How frequently someone receives help with their personal care, household chores, yard work or cooking.
What programs have someone used before, including meals at a senior center, snow removal services and recreation or exercise programs.
The draft version also asks people to rate the importance of a list of services meant to keep senior citizens living independently in their homes. The services include meal programs, assistance with legal issues, skilled in-home health care and assistance with managing finances.
Meanwhile, it asks how likely it is that the people move from Park City in the next five to 10 years. If so, it asks what would convince them to leave, such as the snowy winters, difficulty in getting around Park City, medical issues or the need for a smaller place to live. It also inquires about the prospects of the people moving into a nursing home or an assisted-living facility someday.

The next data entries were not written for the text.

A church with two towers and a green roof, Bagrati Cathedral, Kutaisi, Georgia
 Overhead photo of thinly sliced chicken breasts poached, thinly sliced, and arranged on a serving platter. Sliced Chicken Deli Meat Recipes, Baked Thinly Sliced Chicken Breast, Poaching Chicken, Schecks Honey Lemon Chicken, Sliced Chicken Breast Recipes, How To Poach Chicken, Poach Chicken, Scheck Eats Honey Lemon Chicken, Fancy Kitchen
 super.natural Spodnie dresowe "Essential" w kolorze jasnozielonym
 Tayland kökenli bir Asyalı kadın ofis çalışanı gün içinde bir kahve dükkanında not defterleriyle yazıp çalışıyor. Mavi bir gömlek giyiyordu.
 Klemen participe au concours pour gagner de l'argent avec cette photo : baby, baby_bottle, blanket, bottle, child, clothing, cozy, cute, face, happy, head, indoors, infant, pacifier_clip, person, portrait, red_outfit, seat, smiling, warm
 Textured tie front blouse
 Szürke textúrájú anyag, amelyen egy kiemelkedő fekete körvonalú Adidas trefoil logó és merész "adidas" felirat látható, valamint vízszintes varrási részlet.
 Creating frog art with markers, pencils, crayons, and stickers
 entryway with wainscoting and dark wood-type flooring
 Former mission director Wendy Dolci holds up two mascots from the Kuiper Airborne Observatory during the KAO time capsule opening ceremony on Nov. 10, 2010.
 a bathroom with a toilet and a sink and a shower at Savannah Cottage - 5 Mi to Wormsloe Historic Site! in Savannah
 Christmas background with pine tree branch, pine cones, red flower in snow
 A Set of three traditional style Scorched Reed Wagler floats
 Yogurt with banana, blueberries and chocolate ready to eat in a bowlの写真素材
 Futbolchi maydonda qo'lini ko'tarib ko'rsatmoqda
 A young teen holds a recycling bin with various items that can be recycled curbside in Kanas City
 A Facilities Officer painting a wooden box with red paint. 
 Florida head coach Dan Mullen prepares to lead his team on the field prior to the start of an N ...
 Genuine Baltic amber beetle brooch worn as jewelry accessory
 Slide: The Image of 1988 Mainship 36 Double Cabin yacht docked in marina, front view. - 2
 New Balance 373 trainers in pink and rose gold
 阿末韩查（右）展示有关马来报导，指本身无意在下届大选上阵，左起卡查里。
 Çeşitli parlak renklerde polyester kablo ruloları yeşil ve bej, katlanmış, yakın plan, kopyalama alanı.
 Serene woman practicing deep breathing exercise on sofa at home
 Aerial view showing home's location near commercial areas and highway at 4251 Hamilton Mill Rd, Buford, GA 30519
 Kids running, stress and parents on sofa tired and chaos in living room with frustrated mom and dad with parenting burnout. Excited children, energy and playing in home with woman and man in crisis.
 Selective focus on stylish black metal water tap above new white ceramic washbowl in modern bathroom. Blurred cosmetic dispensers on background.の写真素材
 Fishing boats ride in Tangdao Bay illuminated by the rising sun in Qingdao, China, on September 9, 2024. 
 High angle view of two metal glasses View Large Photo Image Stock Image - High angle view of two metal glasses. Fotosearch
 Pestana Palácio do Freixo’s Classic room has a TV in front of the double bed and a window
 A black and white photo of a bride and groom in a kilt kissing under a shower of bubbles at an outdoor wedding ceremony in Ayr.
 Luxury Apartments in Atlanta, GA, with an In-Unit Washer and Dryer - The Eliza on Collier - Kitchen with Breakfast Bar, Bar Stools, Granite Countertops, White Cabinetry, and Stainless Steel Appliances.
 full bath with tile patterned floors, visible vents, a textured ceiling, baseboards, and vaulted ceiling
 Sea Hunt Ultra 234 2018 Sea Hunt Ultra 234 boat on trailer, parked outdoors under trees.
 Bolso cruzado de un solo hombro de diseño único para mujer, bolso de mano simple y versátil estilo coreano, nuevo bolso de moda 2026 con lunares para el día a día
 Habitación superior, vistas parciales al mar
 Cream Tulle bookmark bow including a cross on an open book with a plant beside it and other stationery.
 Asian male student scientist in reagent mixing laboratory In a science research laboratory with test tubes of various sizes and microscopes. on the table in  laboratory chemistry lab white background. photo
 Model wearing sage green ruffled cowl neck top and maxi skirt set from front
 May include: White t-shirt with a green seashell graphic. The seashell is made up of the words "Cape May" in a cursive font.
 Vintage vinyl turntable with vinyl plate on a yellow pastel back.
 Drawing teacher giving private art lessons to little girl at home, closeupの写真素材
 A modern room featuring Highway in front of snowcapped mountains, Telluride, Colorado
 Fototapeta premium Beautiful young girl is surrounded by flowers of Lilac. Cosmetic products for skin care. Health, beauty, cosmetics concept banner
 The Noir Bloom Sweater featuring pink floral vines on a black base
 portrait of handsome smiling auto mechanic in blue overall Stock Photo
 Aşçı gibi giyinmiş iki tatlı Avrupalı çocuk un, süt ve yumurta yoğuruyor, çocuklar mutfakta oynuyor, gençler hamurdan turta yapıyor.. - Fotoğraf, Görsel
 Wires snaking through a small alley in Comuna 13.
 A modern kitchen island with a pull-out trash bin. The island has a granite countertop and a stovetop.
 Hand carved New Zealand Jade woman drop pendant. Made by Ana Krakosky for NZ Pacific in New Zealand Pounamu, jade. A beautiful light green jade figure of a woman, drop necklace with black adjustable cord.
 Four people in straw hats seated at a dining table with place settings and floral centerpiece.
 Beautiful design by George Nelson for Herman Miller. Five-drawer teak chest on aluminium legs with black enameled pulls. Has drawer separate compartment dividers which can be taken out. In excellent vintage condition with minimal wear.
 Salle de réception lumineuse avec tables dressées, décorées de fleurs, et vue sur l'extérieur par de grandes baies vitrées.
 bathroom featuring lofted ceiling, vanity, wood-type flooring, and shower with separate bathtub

The survey comes as there seems to be some momentum at City Hall to widen the municipal offerings to senior citizens in some fashion. Stauffer said the local government does not plan to build a senior center, but it could be of assistance if a project materializes.
However, City Hall would be heavily involved if formal talks are started about building a housing complex for senior citizens, most likely in Old Town. There has especially been interest in the ground where the Park Avenue fire station once was situated and nearby parcels. City Hall owns the fire station land and some of the land close to old fire station site.
Senior housing is an option on the grounds, but City Hall has not put together a detailed plan for the site.
There are scattered options for senior citizens in Summit County, with there being an assisted-living center in Oakley and senior-citizen centers in Park City, Kamas and Coalville.
It is widely believed that the number of senior citizens in Park City has grown rapidly in the last decade and will continue to do so as wealthy baby boomers choose to retire in the city.